风沙堆积对下伏多年冻土影响的数值模拟

青藏高原沙漠化所产生的风沙堆积作为一种重要局地因素，其对下伏多年冻土的具体影响目前尚未清楚。通过数值方式，模拟了红梁河沙害严重地区高温退化型多年冻土在13种厚度的干湿风积沙覆盖下10年内的变化情况。结果表明：在土体浅层，沙层越厚，地温较差越小，且干沙下地温较差变化幅度明显大于湿沙；干沙越厚，最大季节融深越小，湿沙则对最大季节融深影响微弱；积沙无论干湿，沙层越厚，冷暖季年热循环量均越小，且干沙下年热循环量变化幅度明显大于湿沙。因此，风积沙对其下伏多年冻土退化有不同程度减缓，沙层越厚，减缓作用越强，且干沙减缓多年冻土退化的能力明显强于湿沙。
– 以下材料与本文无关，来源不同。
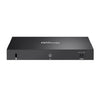TP-Link ES206XPP-M2 Omada 5-Port 2.5G + 1-Port 10G PoE++ Easy Managed Switch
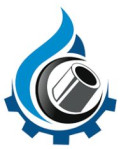 EMSON OIL TOOLS PVT. LTD.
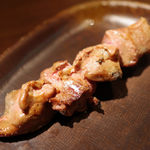 Yakitori Torijin - 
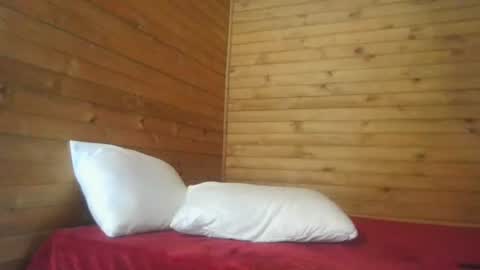 Snapshot of ethajobs05 chatting on 02-09-26, 02:43 ethajobs05 online show from 02-09-26, 02:43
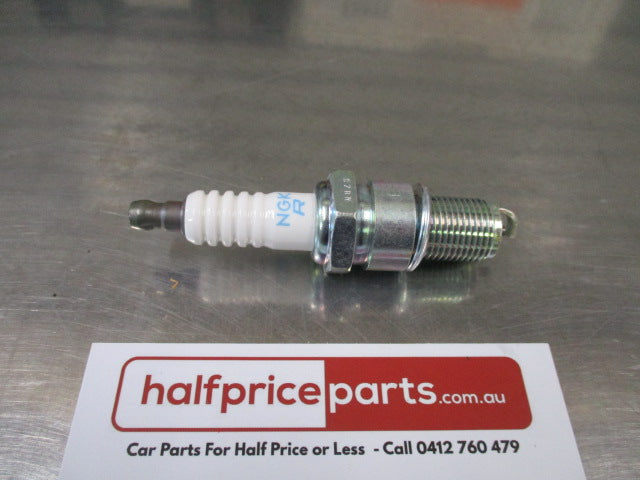 NGK Spark Plugs suits Ford/Holden/Hyundai/Isuzu/Kia/Mazda/New Part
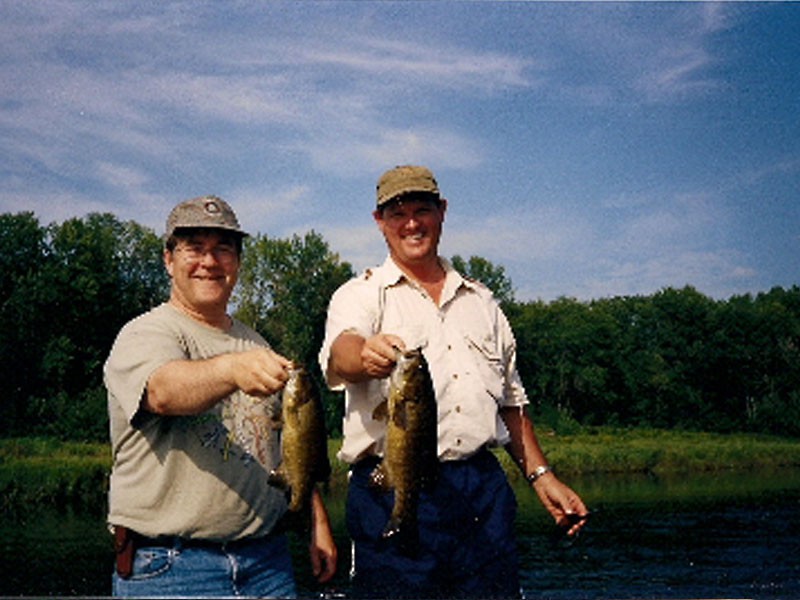 Maine-Bass-Fishing-04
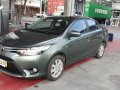 2018 Toyota Vios for sale in Manila-4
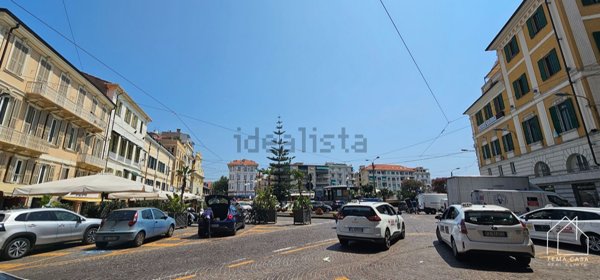 negozio in vendita a Sanremo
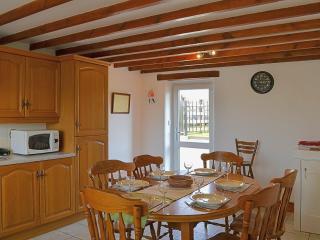 Greenrigg Cottage - Caldbeck - 6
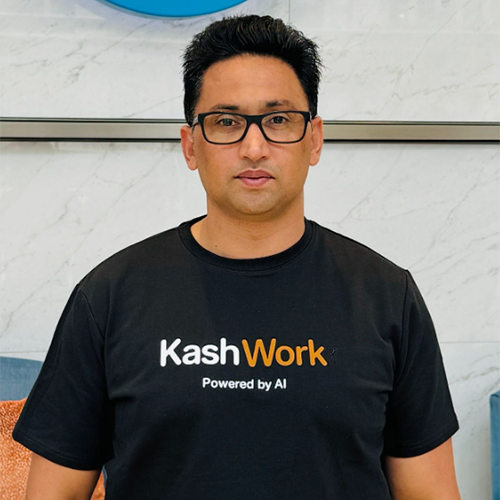 Ravinder Pal Singh Pelia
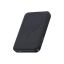 Baseus EnerFill FM11 10000mAh PowerBank Black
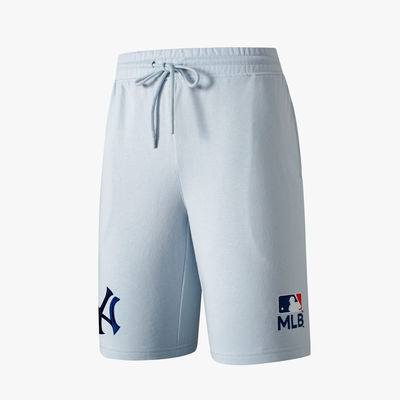 MLB Short New York Yankees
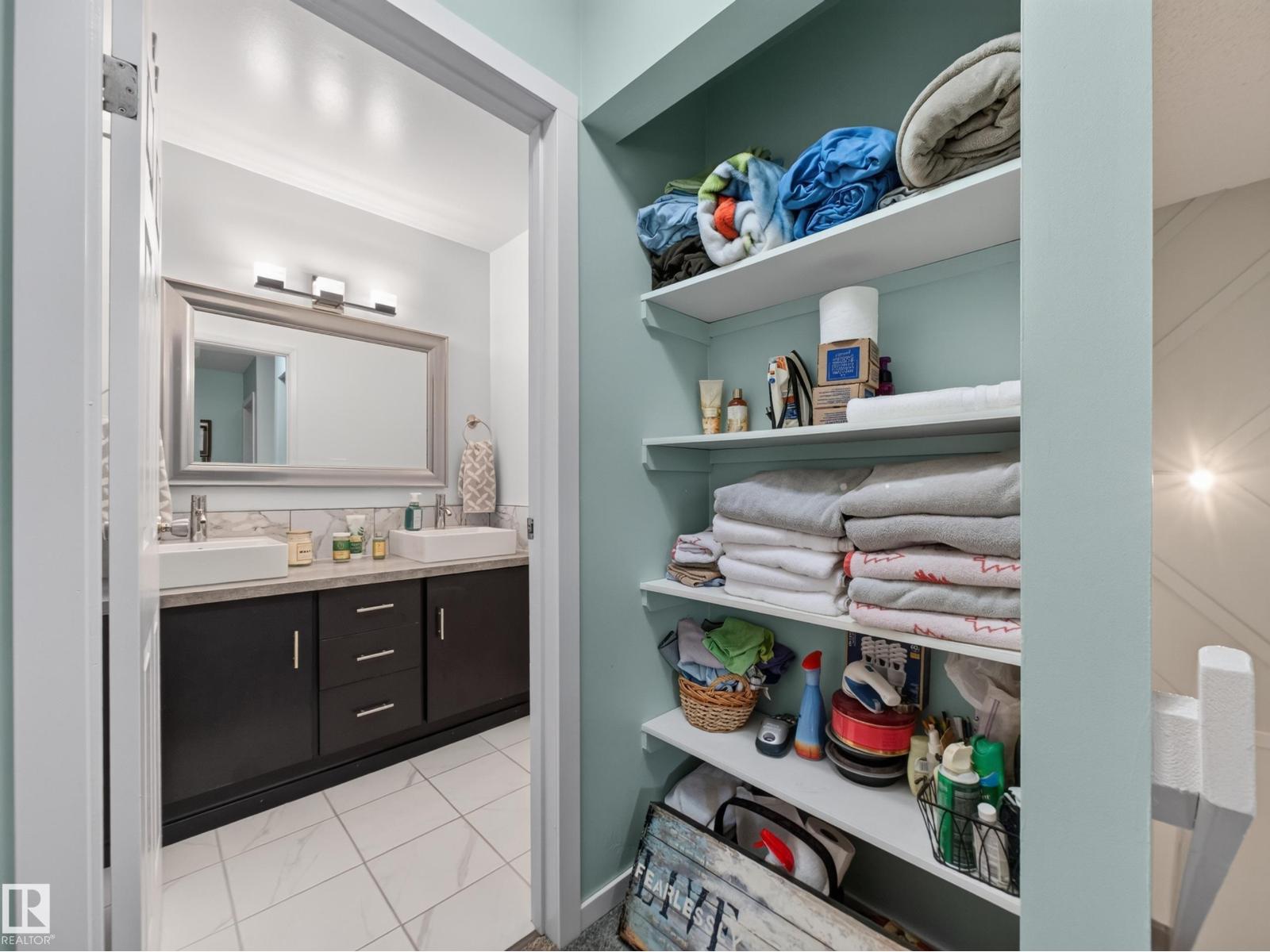 #17 15710 BEAUMARIS RD NW — photo 32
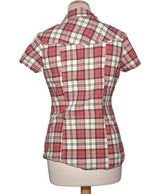 507869 Chemises et blouses CACHE CACHE Occasion Vêtement occasion seconde main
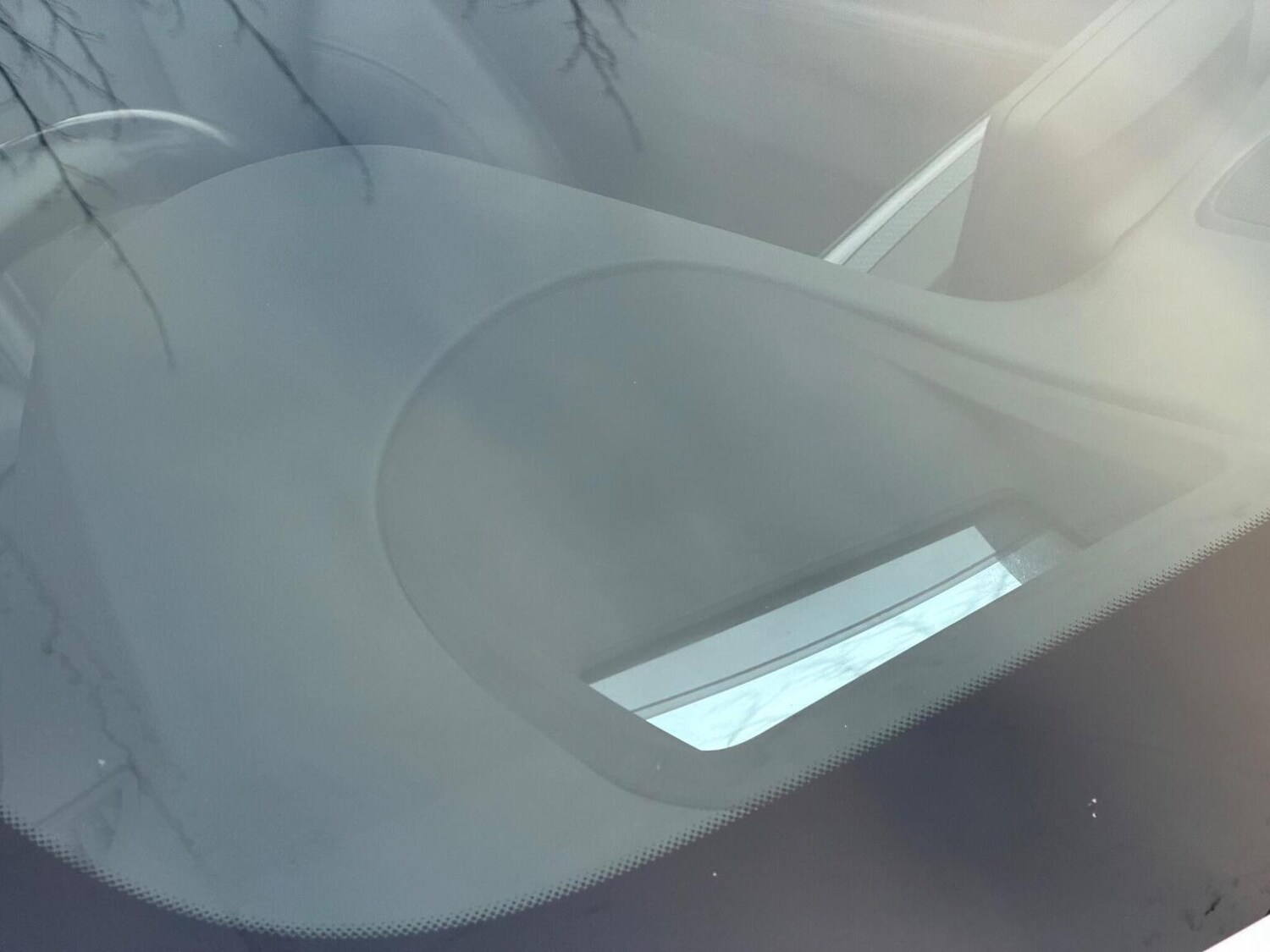 Used BMW M4 2015 for sale - 77884410: Photo 18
Numerical simulation of the effect of aeolian sand accumulation on permafrost

Aeolian sand accumulation caused by desertification is a significant local factor for permafrost in the Tibetan Plateau. However, the mechanisms about the effect of the aeolian sand on permafrost are still unclear. In this study, based on the soil phase change heat transfer theory and Comsol Multiphysic software, the states of soil temperature and the active layer depth of warm degenerate permafrost under 13 dry and moist sand covers are simulated for 10 years in the sand hazard area in Honglianghe. The results show that the shallow permafrost temperature range and the maximum seasonal thawing depth, as well as the heat cycle in cold and warm seasons, decrease with the sand cover thickness. In addition, the decreasing amplitude of permafrost temperature, active layer depth and heat cycle with dry sand cover are larger than that with moist sand cover. Therefore, aeolian sand accumulation can slow down the permafrost degradation in different levels in the research area. The thicker the sand cover is, the stronger the slowing effect is. Furthermore, the slowing effect of dry sand cover is stronger than that of moist sand cover obviously.